Roger Brown (Aksel Hennie) , bir şirkette insan kaynakları uzmanı olarak çalışan 1.68 boyunda bir adamdır. Kendince boy dezavantajını (ki filmin Norveç'te geçtiğini düşünecek olursak, oldukça büyük bir dezavantaj) avantaja çevirmek için zengin olmayı kafasına koymuş ve bunun için de bir güvenlik şirketinde çalışıp ona yardım eden arkadaşı sayesinde pahalı sanat eserlerini evlerden çalarak, kara borsada satmaktadır. Karısı Diana'ya pahalı hediyeler alarak, güzel bir evde yaşatarak mutluluklarını korumaya çalışmaktadır.

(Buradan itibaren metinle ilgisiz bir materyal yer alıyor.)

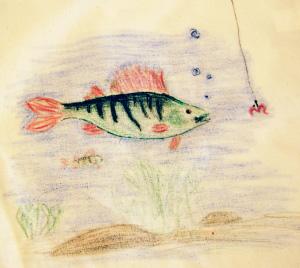 Piirros jossa kala ui kohti mato-onkea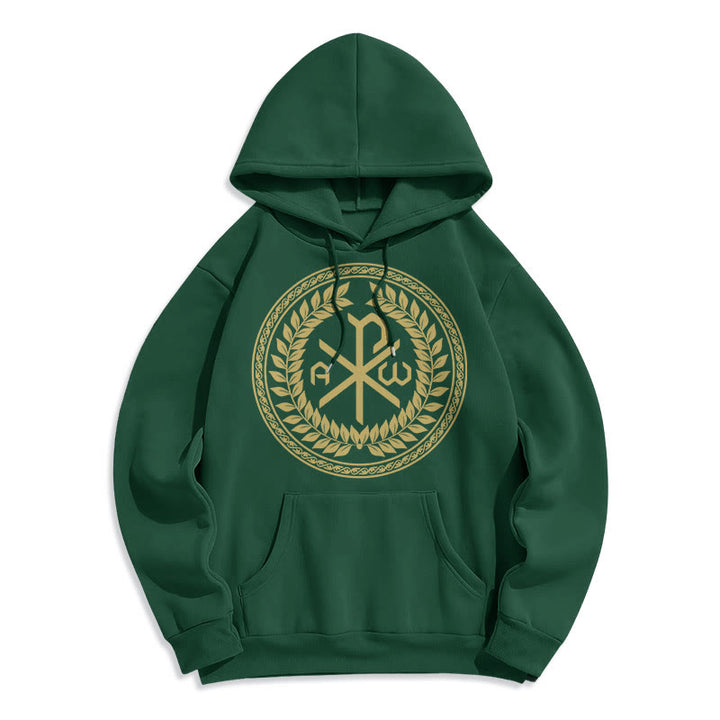 Felpa con cappuccio in poliestere foderata in pile con emblema sacro Chi-rho in stile classico Christianartworkshop - Verde - 2XL - image 20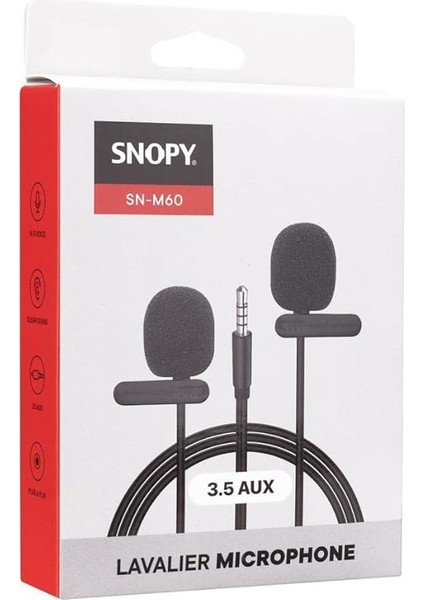 SN-M60 Siyah 2 Mikrofonlu Akıllı Telefon ve Youtuber Yaka Mikrofonu modelleri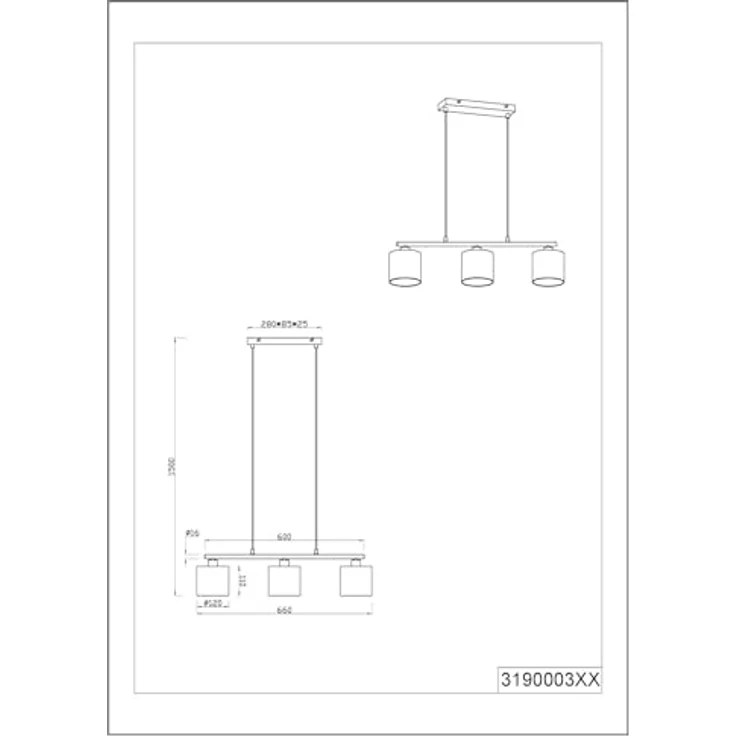 Trio Pendelleuchte Julieta 3-flammig Beige, 66 cm x 12 cm, zeitloses Design mit goldener Innenseite – Bild 11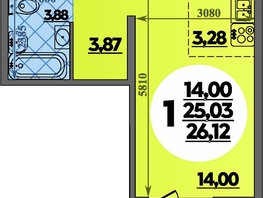 Продается Студия ЖК Суворовский, литера 2, 26.12  м&sup2;, 3749999 рублей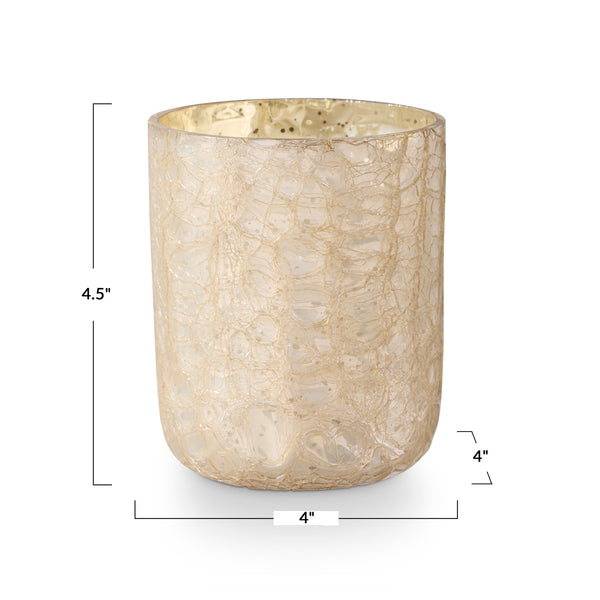 Winter White Small Boxed Crackle Glass Candle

Her şey yolunda gidiyorken Diana'nın sergi açılışına gelen Clas Greve'le (Game of Thrones'da Jamie Lannister'ı oynayan Nikolaj Coster-Waldau canlandırıyor) tanışmasını, sanat eseri hırsızlığı için çok büyük bir fırsat olarak gören Roger, işin içine girdikçe aslında işlerin düşündüğünden çok daha farklı olduğunu anlar ve kendini büyük bir karmaşanın içinde bulur. Tabi biz seyirciler de aynı karmaşadan nasibimizi alırız.

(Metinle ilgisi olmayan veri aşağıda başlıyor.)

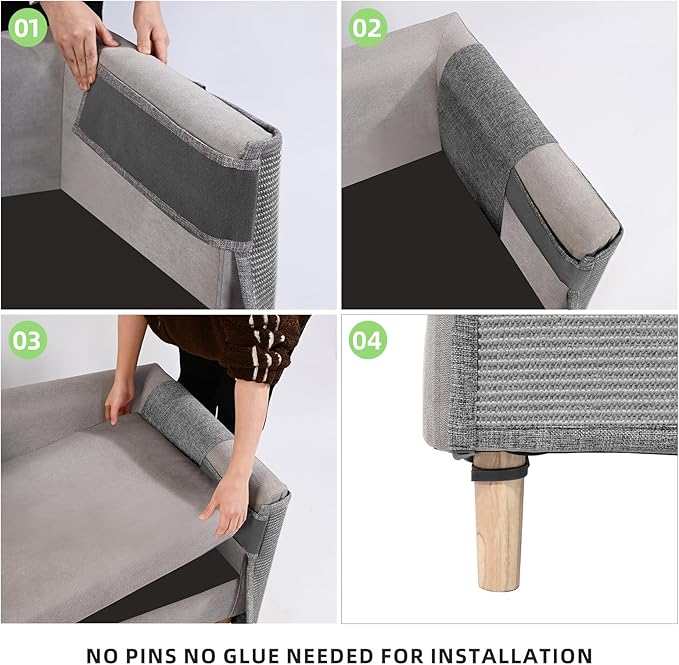 Cat Scratch Couch Protector,23.6L*19.6W inch Scratching Furniture Protector Pad,Cat Scratch Sofa Arm Sheild with Grey Natural Sisal for Protecting Couch Sofa Chair Furniture (Grey/Left Hand)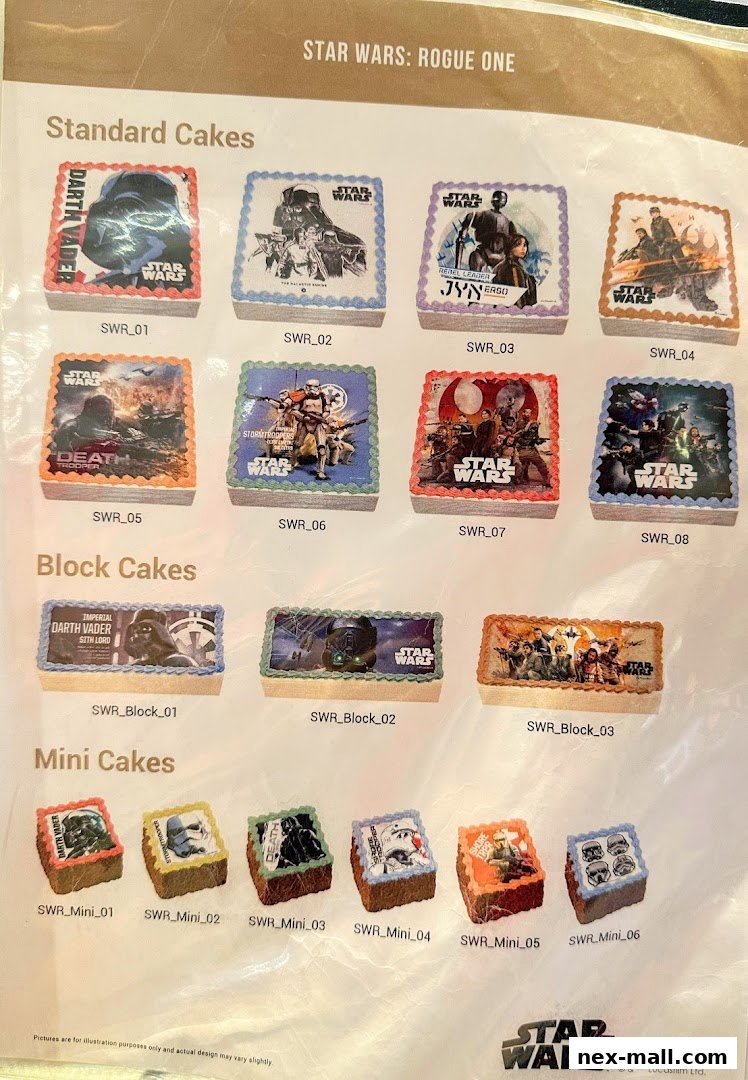 A catalog of Star Wars themed cakes, including standard, block, and mini sizes.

Filmin merak uyandıran açılış sahnesinden sanat eseri hırsızlığıyla ilgili bir film izleyeceğimi sanan ben, filmi yüz dakikalık süresi boyunca soluksuz izledim ve film değişik yönlere doğru gittikçe, şimdi ne olacak acaba sorusunu kendime sormadan edemedim. Filmin senaryosu bana göre o kadar ustalıkla yazılmış ki, sona gelinceye kadar hangi karakterin doğru, hangisinin yalan söylediğini; ya da hangi karakterin konuda ne gibi bir işlevi olduğunu tam anlamıyla çözemiyorsunuz. Bu bakımdan da önceden her şeyini tahmin ettiğimiz filmlerin bir adım önüne geçiyor bu film.